The first point is the golden rule. Simplicity is a good thing, so any time the use of a captured variable makes your code simpler after you’ve factored in the additional inherent complexity of forcing your code’s maintainers to understand what the captured variable does, use it. You need to include that extra complexity in your considerations, that’s all—don’t just go for minimal line count.

We’ve covered a lot of ground in this section, and I’m aware that it can be hard to take in. I’ve listed the most important things to remember next, so that if you need to come back to this section later, you can jog your memory without having to read through the whole thing again:

· The variable is captured—not its value at the point of delegate instance creation.

· Captured variables have lifetimes extended to at least that of the capturing delegate.

· Multiple delegates can capture the same variable...

· ...but within loops, the same variable declaration can effectively refer to different variable “instances.”

· for loop declarations create variables that live for the duration of the loop—they’re not instantiated on each iteration.

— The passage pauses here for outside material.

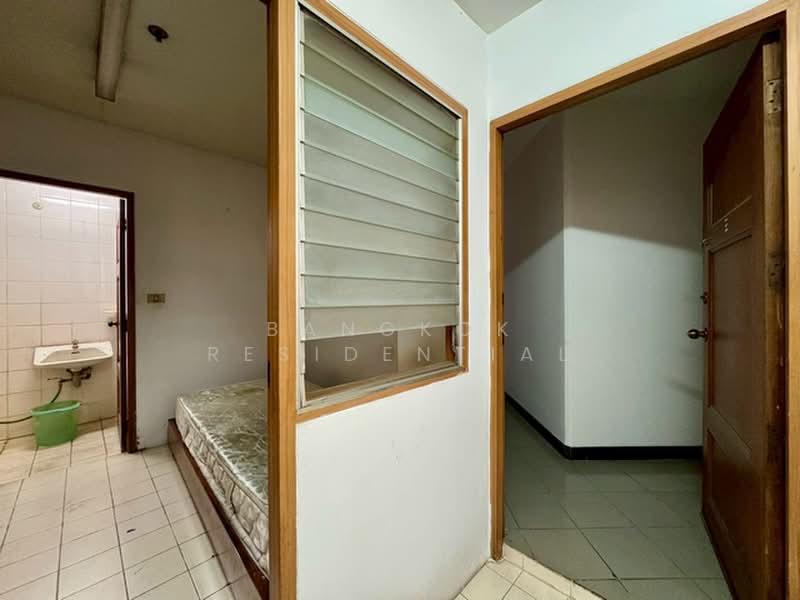 Ruamsuk Condominium, Bangkok, 12 Soi Athakravi, Khong Tan, Khlong Toei, Bangkok, 3 Bedrooms, 316 sqm, Condo For Rent, by Bangkok Residential, 500444828 - DDproperty.com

The same is true for foreach statements before C# 5.

· Extra types are created, where necessary, to hold captured variables.

· Be careful! Simple is almost always better than clever.

You’ll see more variables being captured when we look at C# 3 and its lambda expressions, but for now you may be relieved to hear that we’ve finished our rundown of the new C# 2 delegate features.

5.6. Summary

C# 2 has radically changed the ways in which delegates can be created, and in doing so it’s opened up the framework to a more functional style of programming. There are more methods in .NET 2.0 that take delegates as parameters than there were in .NET 1.0/1.1, and this trend continues in .NET 3.5. The List<T> type is the best example of this, and it’s a good test bed for checking your skills with using anonymous methods and captured variables. Programming in this way requires a slightly different mind-set—you must be able to take a step back and consider what the ultimate aim is, and whether it’s best expressed in the traditional C# manner, or whether a functional approach makes things clearer.

All the changes to delegate handling are useful, but they add complexity to the language, particularly when it comes to captured variables. Closures are always tricky in terms of determining exactly how the available environment is shared, and C# is no different in this respect. The reason the concept has lasted so long, though, is that it can make code simpler to understand and more immediate. The balancing act between complexity and simplicity is always a difficult one, and it’s worth being cautious to start with. But over time you should expect to get better at working with captured variables and understanding how they behave. LINQ encourages their use even further, and a great deal of modern, idiomatic C# code uses closures frequently.

Anonymous methods aren’t the only change in C# 2 that involves the compiler creating extra types behind the scenes and doing devious things with variables that appear to be local. You’ll see a lot more of this in the next chapter, where the compiler effectively builds a whole state machine for you, in order to make it easier for you to implement iterators.